▶ [DATA PROVIDED]
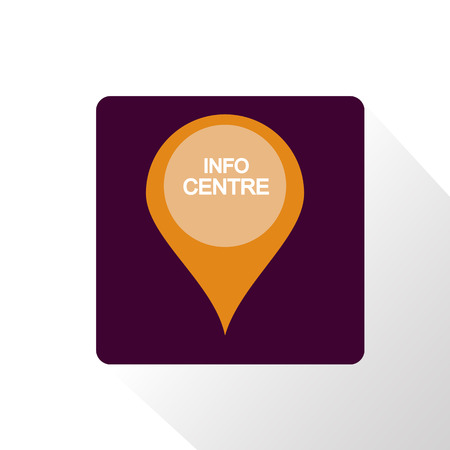 Pointer iconのイラスト素材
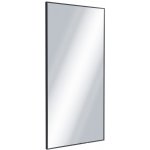 Excellent Kuadro 100x50 cm DOEX.KU100.050.BL – Hledejceny.cz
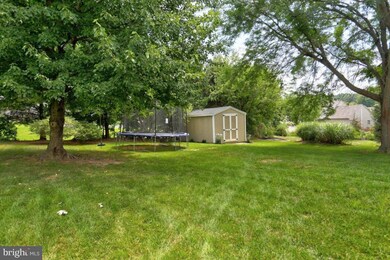 103 Strickler Run Dr, Columbia, PA 17512 - photo 2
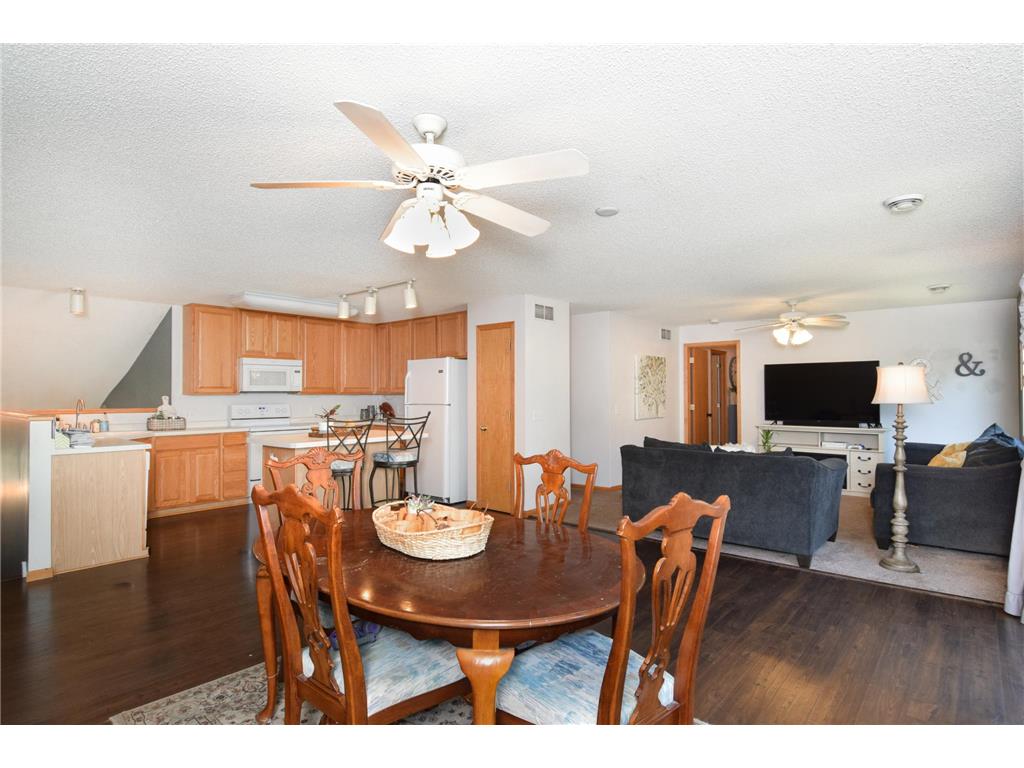 343 Heritage Trail Circle Pines MN 55014 6808131 image4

▶ [WHAT YOU WILL DO] Skip all pictures. Write out only the lines from the one containing "103 Strickler Run" to the end of the listing above, inclusive, exactly as given.

▶ [REPLY]
 103 Strickler Run Dr, Columbia, PA 17512 - photo 2
 343 Heritage Trail Circle Pines MN 55014 6808131 image4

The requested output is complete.